In recent times, dealings in real estate in Bangalore have been at the peak. Predominant reason for this is the growth of IT sector and the eagerness of the people to invest their money in real estates in and around Bangalore. As the real estates require huge investments, the purchaser has to take necessary precautions before investing his money to save himself from future complications. If the property transferred suffers from any defect in the title of the vendor, the purchaser does not get good and marketable title. Therefore, the purchaser has to make doubly sure before finalizing the deal, that the vendor has got a valid and marketable title.
The term “Marketable title” means a title which is clear and free from reasonable doubts and is a title good against everybody. Thus, it is the title which establishes full ownership of the vendor to the propertyintended to be conveyed, without reasonable doubt. A buyer is not bound to complete the sale if there are defects in the title to the property which are material and latent. The defect to be material, it is to be of such a nature that if the purchaser were aware of it he would not have entered into the contract of sale at all.

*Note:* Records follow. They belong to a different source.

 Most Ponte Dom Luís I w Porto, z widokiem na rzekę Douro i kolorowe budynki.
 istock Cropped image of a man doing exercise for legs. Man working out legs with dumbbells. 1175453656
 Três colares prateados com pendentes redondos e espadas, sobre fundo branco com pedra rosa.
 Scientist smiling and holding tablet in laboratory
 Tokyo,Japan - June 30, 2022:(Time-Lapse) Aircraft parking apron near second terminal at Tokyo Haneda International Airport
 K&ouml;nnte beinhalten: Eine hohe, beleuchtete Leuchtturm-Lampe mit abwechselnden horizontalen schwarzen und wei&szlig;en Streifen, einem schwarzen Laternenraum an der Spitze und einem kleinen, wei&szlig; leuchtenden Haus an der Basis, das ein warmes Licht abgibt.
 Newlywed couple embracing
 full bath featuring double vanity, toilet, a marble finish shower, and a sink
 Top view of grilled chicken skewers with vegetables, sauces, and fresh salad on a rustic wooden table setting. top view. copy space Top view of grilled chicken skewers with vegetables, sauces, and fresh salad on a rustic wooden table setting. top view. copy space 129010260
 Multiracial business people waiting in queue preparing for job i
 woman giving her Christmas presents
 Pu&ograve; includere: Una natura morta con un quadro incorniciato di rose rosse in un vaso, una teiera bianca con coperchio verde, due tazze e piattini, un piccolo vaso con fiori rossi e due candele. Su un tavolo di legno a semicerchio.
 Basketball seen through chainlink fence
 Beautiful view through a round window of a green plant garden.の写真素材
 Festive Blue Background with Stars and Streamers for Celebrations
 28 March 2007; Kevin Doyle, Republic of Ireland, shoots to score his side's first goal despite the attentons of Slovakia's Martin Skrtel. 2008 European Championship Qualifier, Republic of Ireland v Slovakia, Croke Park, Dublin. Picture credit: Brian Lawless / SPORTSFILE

Doubtful or defective title:
A title is said to be doubtful when the vendor does not have any conclusive evidence to prove the ownership. The defects in title are generally latent defects which can be found only on investigation of title by perusal of documents, by an eminent advocate, carrying out searches of Government Departments and Municipal records and by making reasonable enquiries. The vendor is bound to disclose such latent defects known to him.
A title becomes doubtful:
Where the doubt arises by reason of some uncertainty in law itself;
Where the doubt pertains to the application of some settled principle or rule of law.
Where a matter of fact upon which a title depends is either not in its nature capable of satisfactory proof or is capable of such proof but yet not satisfactorily proved.
The ownership of the vendor to the property intended to be sold, must be the property traceable from the previous title deeds commencing from the Deed which can be considered as a good root of title and for this purpose at least 30 years previous title would need to be verified. The property should have already been properly transferred from all predecessors-in-title and no third person other than the Vendor should have any right or claim thereto.
Thus, for example, if ‘A’ has sold the property to B and if it is found that the property under sale belonged to a Hindu Joint Family property and ‘A’ has sold it neither for legal necessity nor after obtaining the consent from Co-Parceners, then the property sold to ‘B’ is said to be defective.
The following are a few instances where the title cannot be termed as defective:
An omission to disclose a prior agreement for sale by the Vendor is not a defect in title.
Title by adverse possession is marketable and not a defective title, if proper title by such possession can be successfully made out. A title may be good although there are no Deeds but there must have been such a long uninterrupted possession, enjoyment and dealing with the property as to form a reasonable presumption that the title is absolute .
Loss of title deed is not a defect, if the loss can be explained satisfactorily.
Defect in property:
Defect in property is different from the defect in title. A defect in the property only prejudices the purchaser in the physical enjoyment of the property but the defect in title exposes the purchaser to adverse claims. This difference has been enunciated in Section 55 (1) (a) of the Transfer of Property Act, which provides that the vendor is bound to disclose to the purchaser any material defect in the property or in the vendor’s title. The defects in property are generally patent defects which can be seen on an inspection of the property and the Vendor need not disclose the same so long as the same does not lead to defect in title.
Root of title:
In investigating title and in considering whether the title is marketable and free from reasonable doubts, it is necessary to find out the root of the title. Documents are considered as root of the title. A good root of title is a document purporting to deal with the entire property conveyed, which does not depend upon the validity of any previous instrument and without inviting any suspicion on the title of the Vendor. It may also be described as a document of transfer of property showing nothing to cast any doubt on the title. An instrument, the effect of which depends on some earlier document is considered as an instrument with insufficient root of title. In India, there is no law which stipulates statutory period for examination of root or commencement of title. However, it is advisable to investigate the title for a minimum period of 30 years unless the circumstances warrant production of documents beyond 30 years.
Though our law makes it obligatory on the part of the vendors to disclose the defects in title before the sale of a property, purchasers have also to exercise due diligence and investigate the title of the property before purchasing the same, to avoid future complications.